Abimelech's statement to Sarah about the giving of 1000 pieces of silver is interpreted in the midrash, and sometimes elsewhere, as a curse and re-translated "... his eyes", in order to interpret it as the reason for Isaac's later blindness in his old age. Such a curse was seen as righteously carried out, since Abraham's deliberate deceit was to blame for Abimelech's innocent error, and hence its visitation on Abraham's son was considered just. More modern critical readings view it simply as an instruction to purchase a veil for Sarah, so that she would be clearly identified as being married, in which case it forms a sly reproach against her for not already wearing one.

The Jewish Encyclopedia agreeing with the general view, namely that the phrase has nothing to do with a material veil, states that Abimelech wants his wrongdoing overlooked in exchange for silver in a kind of ransom (kofer-nefesh, similar to the Teutonic Weregild).

===Current usage===
In some Arabic countries, Ghitaa' al-'Ain (Arabic:غطاء العین) is a veil which covers the eyes, as well as the rest of the face. This kind of veil was traditionally worn by married Muslim women in the Middle Ages. Some Salafi women in the Arab countries of the Persian Gulf such as Saudi Arabia, Yemen, Qatar, Bahrain, Oman and UAE and parts of Iran may still continue to wear eye-veils, but even in those countries this practice is no longer widespread.

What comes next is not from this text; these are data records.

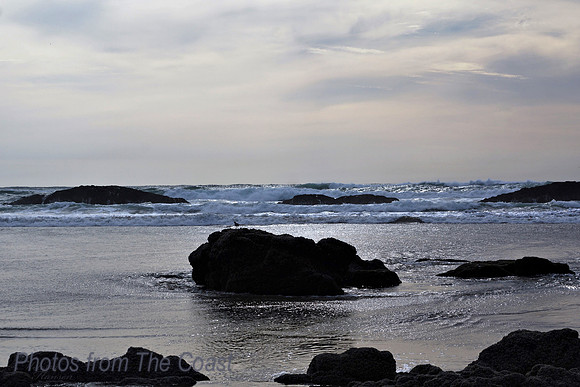 Late Afternoon
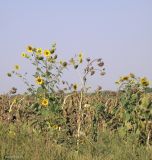 Helianthus lenticularis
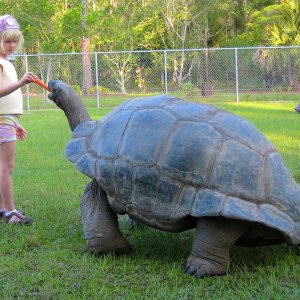 ALDABRA BREEDER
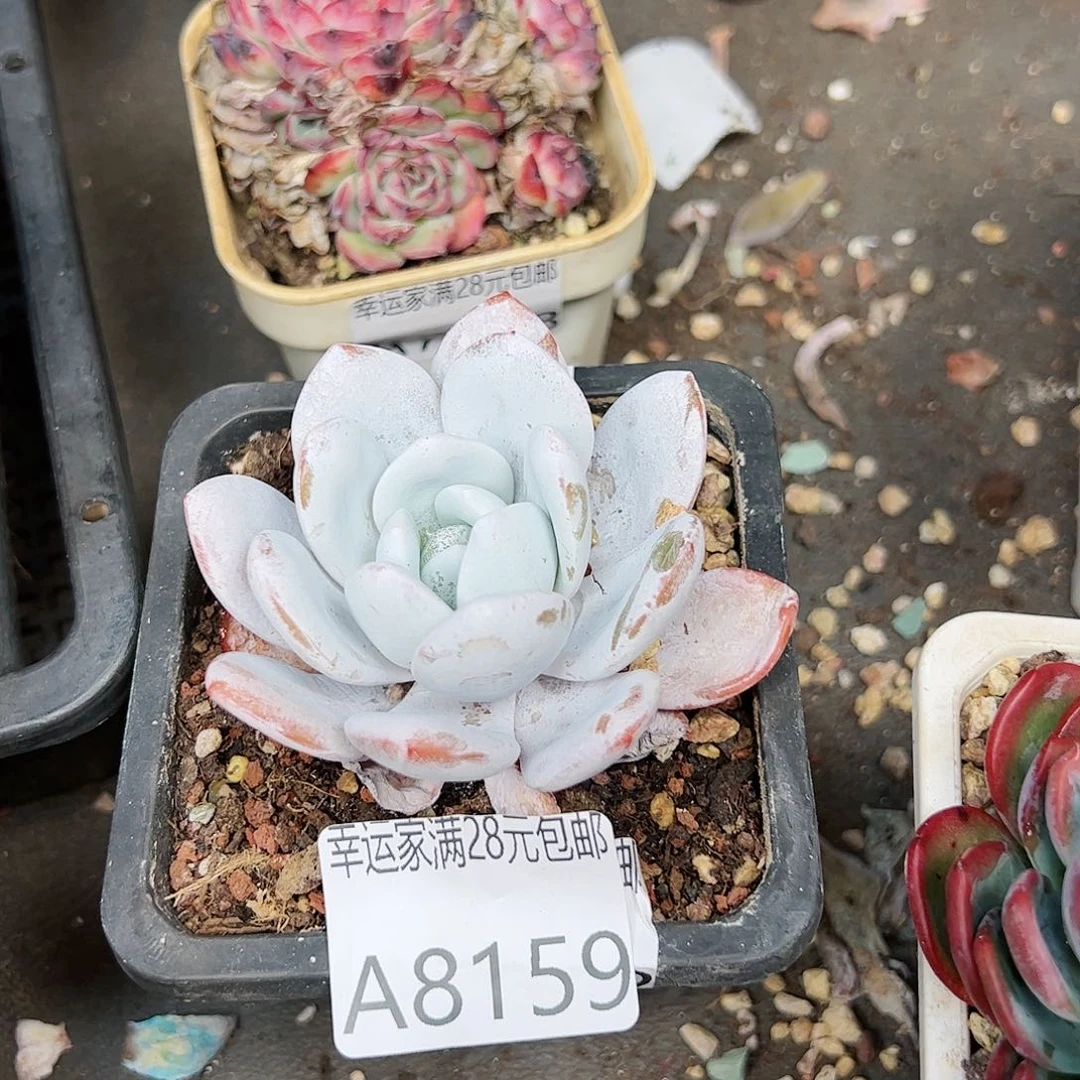 幸运的是我的朋友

Salafiyyah is the only Islamic school of thought and jurisprudence that believes that a woman's awrah in front of unrelated men is her entire body including her face and hands. In 2008, the religious authority in Mecca, Mohammad Habadan called on women to wear veils that reveal only one eye, so that women would not be encouraged to use eye make-up.